In the most recent issue of Respons, Peter Josephson writes about the university crisis right after the turn of the century in 1800. Developments in information technology had kept an enormous pace: the printing costs had fallen, and an increasing amount of teaching material was available in books. This had created a crisis for teachers at universities. As far as anybody could remember, they had held lectures where they had read aloud from some book or manuscript of their own, where students had had to pay a small admissions fee to the lectures. But apparently, disrespectful students had started to skip those lectures – they would sit down in libraries to read instead.
What to do about it?
Naturally, the university teachers tried to convince the students that they would learn much better by going to the teachers’ readings-aloud, than by reading a textbook from the most pedagogic teacher on their own. The success in this approach was not remarkable.

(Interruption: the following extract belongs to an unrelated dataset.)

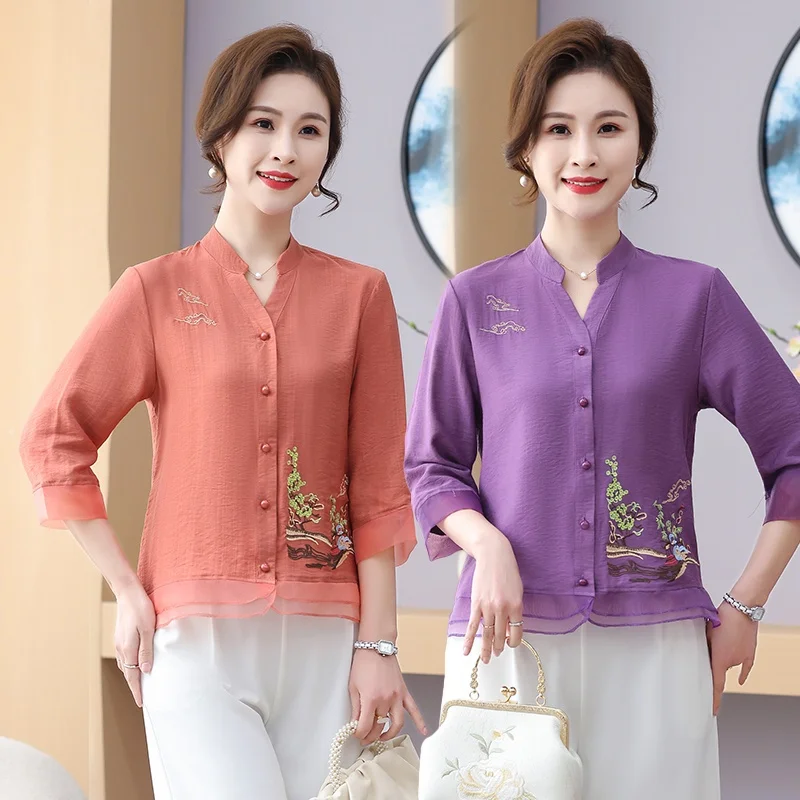 

Новинка 2024, женская футболка из хлопка и льна с вышивкой, открытый кардиган, топ для среднего возраста и модный подбородок...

Apparently, force was needed against this misconduct. The philologist Johann David Michaeles, of Göttingen, demanded that students would be allowed to spend a maximum of two hours daily in the library.
Older teachers were warning their younger colleagues from issuing books in their fields. They would never be able to make money teaching, if they gave their students books to study instead.
But reason prevailed.
The philosopher Johann Gottlieb Fichte explained to colleagues and authorities that the arrival of the book made the old read-aloud lectures unnecessary. Get rid of them. Instead, introduce classes about knowledge as such and its basis, that is, how we can know what’s in the books. Introduce seminars where students and teachers discuss the books together. Introduce researching teachers, who can tell students about new findings, that haven’t yet made it into the books.
Fichte’s ideas were taken up by Wilhelm von Humboldt, linguist and department manager at the Prussian Ministry of the Interior, in founding the first university where all teachers were assumed to be researching in parallel with teaching. It took a couple of decades, but the read-aloud sessions disappeared from universities, and were replaced with activities that made teaching more effective, all while raising the intellectual bar.
Let’s hope that the current ongoing technology shift will, in time enough, be managed just as well.